Additionally, California law allows patients with “high medical costs” to obtain some form of charitable care or a discounted payment policy. The new law changes the definition of high medical expenses as 10 percent of the patient’s current family income or family income in the previous 12 months, whichever is less.

In addition, hospitals are required by law to prominently post a notice of the hospital’s patient financial assistance policy on their websites.

Amendments to debt collection

Under the new law, hospitals are required to wait 180 days before reporting unpaid debts to consumer credit agencies or debt collectors.
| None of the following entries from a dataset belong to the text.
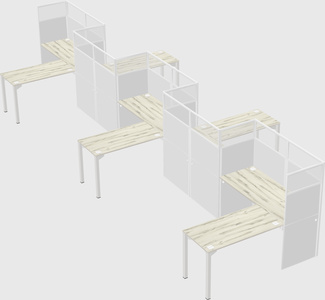 L-shape cubicles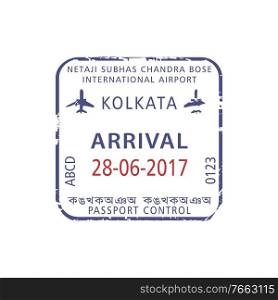 Kolkata west Bengal Indian state isolated visa st&. Vector passport control in Netaji International airport. Visa st&in Kolkata International airport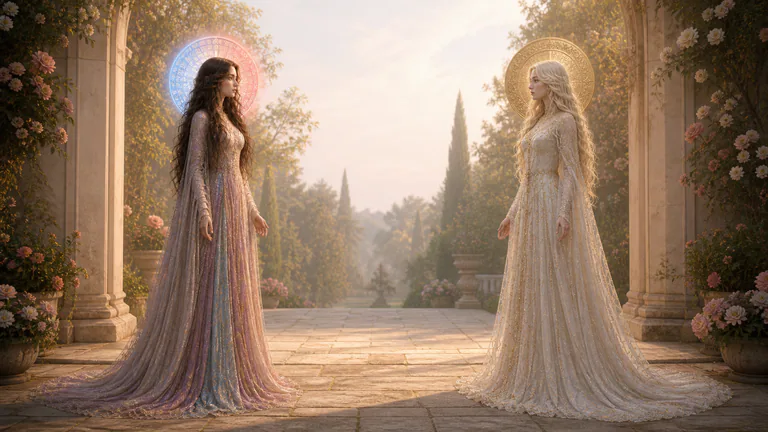 Love and Scar meet at equal height across an open garden interval, each retaining her own halo and form.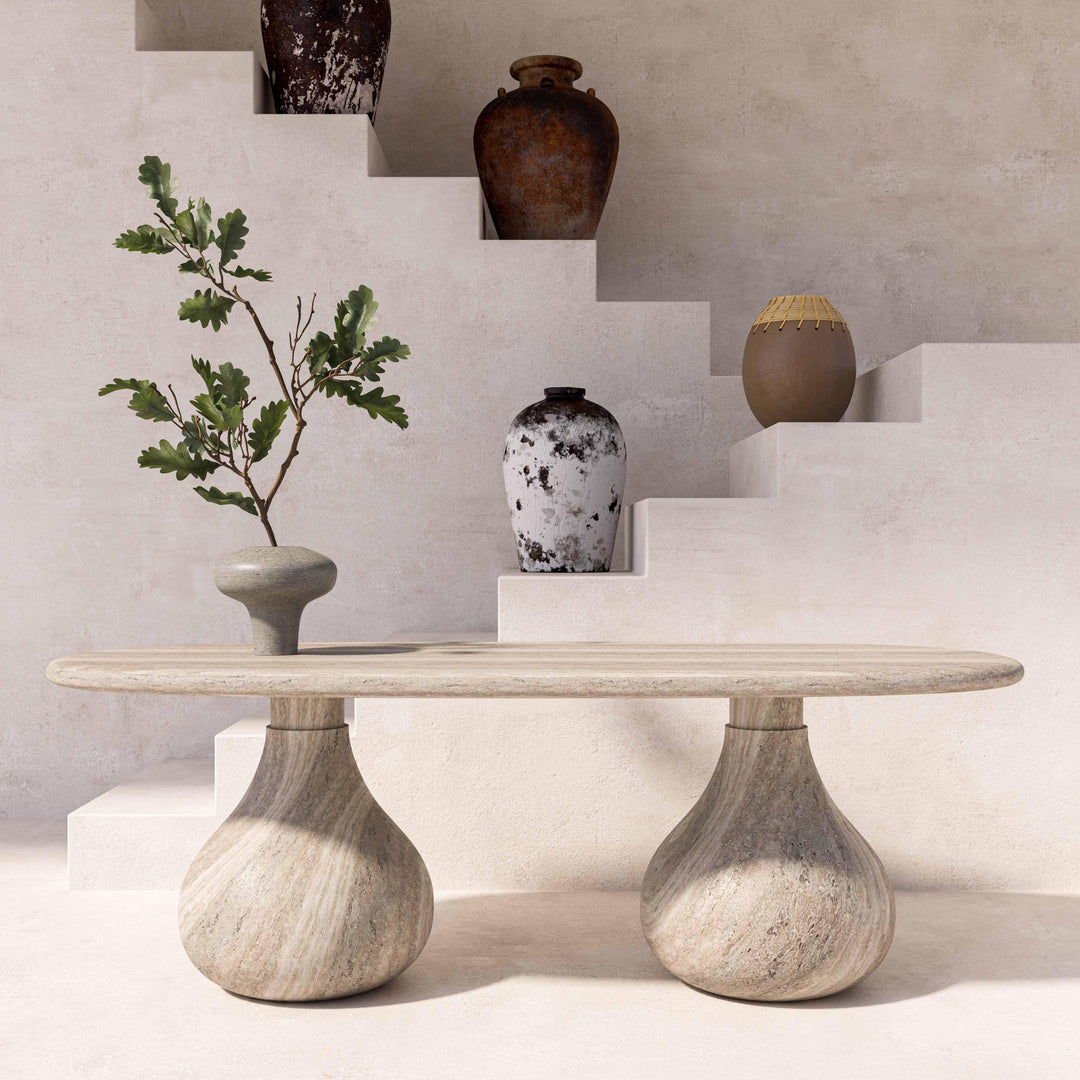 Smooch 87" Travertine Concrete Indoor/Outdoor Oval Dining Table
That’s a 150-day increase under the previous law.

In addition, the law prohibits hospitals from selling a patient’s debt to a debt buyer unless specified conditions are met, including the patient is not eligible for financial assistance and the patient has. not responded to billing attempts or financial aid offers.

Before assigning an invoice to the collection or sale of patient debts, hospitals will be required to send the patient a notice containing several items, including the date or services of the invoice, the name of the entity to which the invoice is transferred or sold, a statement that shows how to get an itemized invoice and an application for the hospital’s financial aid program.

The law also requires hospitals to send the California Department of Health Care Access and Information a copy of its debt collection policy. The ministry will review the compliance policy by January 2023.

The law also requires the department to impose penalties on a hospital that breaks the law, effective January 2024.